I had never even heard of these books before. (I'm not sure if that's just my ignorance, or if they're less popular in North America. Has anyone else read or heard of this series?) But, this was definitely enough to pique my interest.
Also, as often happens when you learn about something new, I found that once these books had been put on my radar screen, I began to notice references to them all over the place. Christopher Hitchens, in one of his clips on youtube, made a passing reference to this series. John Updike and Terry Prattchett, it turns out, are both big fans.
So, eventually I decided to check it out. Since this book is light and easy to read, I've been using it as a way to relax in the evening while doing graduate school.

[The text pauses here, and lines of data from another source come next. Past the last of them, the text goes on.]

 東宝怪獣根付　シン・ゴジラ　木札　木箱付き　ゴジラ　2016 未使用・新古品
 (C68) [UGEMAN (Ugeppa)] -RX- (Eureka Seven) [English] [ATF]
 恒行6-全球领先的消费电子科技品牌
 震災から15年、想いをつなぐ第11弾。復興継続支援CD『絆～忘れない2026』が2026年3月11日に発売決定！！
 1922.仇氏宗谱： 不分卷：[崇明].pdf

It is, if nothing else, a very pleasant way to learn history.
I have long -- been-- a-- fan-- of -- historical-- novels as an easy and exciting way to learn history.
But, if the pleasure of learning history is increased by making it into a novel, then that pleasure is doubled by making it into a comical novel.

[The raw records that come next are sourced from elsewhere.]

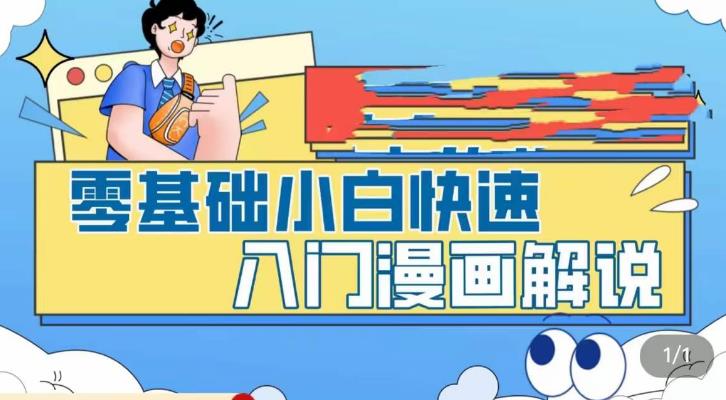 零基础小白快速入门漫画解说，从零掌握漫画解说全过程 - 副业心选-副业心选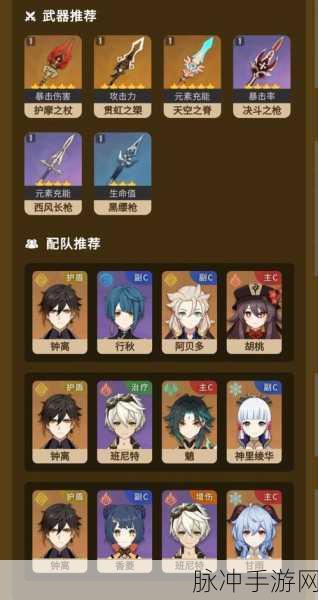 原神钟离角色攻略，最强武器推荐与选择指南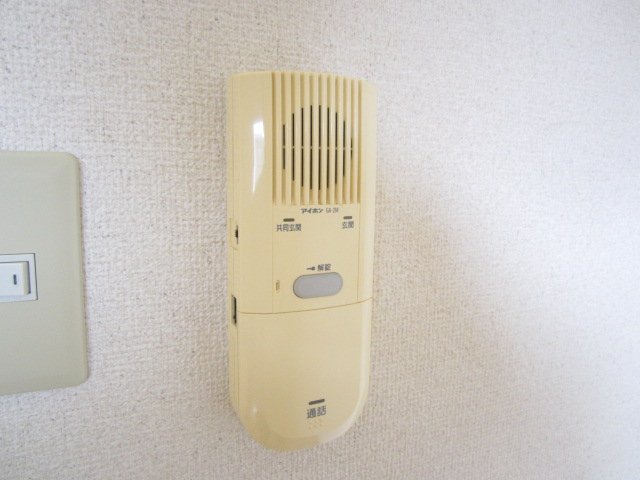 セキュリティ　グリーンハイム三軒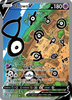 SWSH Silver Tempest 177/195 Unown V (Alternative Art, Full Art)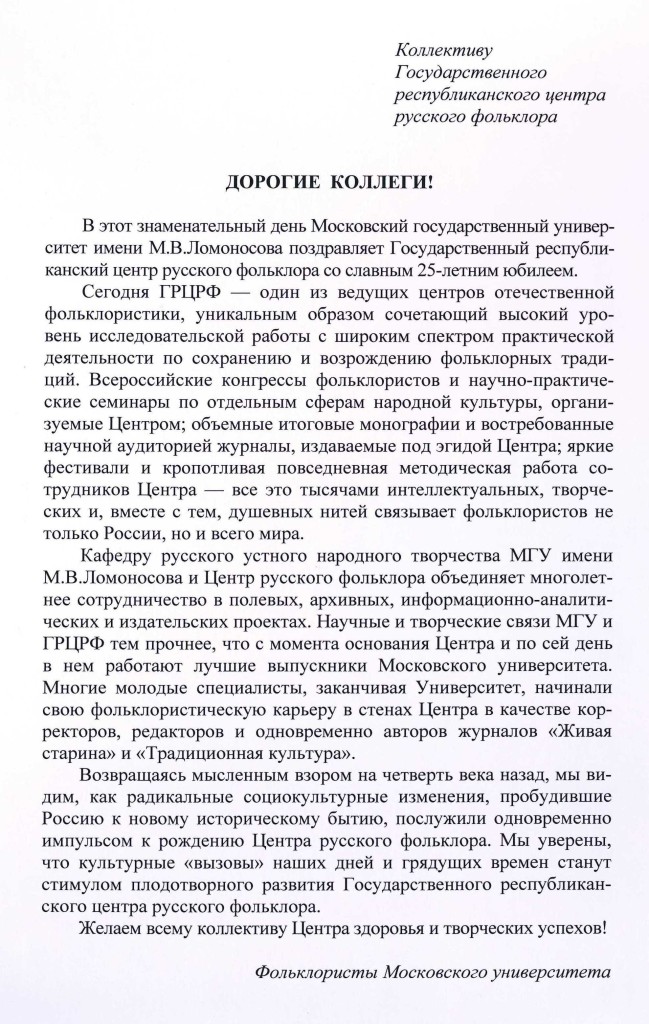 doc00738220150611123228_001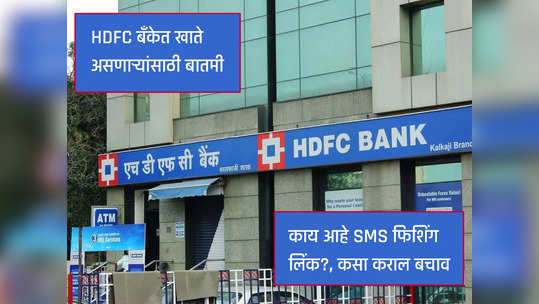 HDFC खातेधारक टार्गेट, SMS मधील लिंक क्लिक करू नका, काय आहे SMS फिशिंग लिंक, जाणून घ्या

The humour of this book (how the scoundral Flashman keeps ending up a hero) is more an ironical humor than it is a-laugh-out-loud punchline every page type humor. But it should be enough to at least put a hint of a smile at the corners of your mouth as you read.
Personally my favorite parts were the descriptions of Flashman whining and crying when he was forced to defend a fort against an Afghan attack.
The history of the period is also quite cleverly woven in with the story. Although Flashman himself is purely fictional, he interacts with many historical figures and, Forest Gump like, somehow manages to always be present at all the key points in history (mostly against his will). He is present at the assassinations of some of the leading British political officers in Afghanistan, as well as many of the key battles.
As any good historical novel does, this takes a complex history and makes it understandable. When I first started reading about the British in Afghanistan, I very quickly became confused about the rival warlords and tribes. But when they all become characters in a novel, it's much easier to remember who is who.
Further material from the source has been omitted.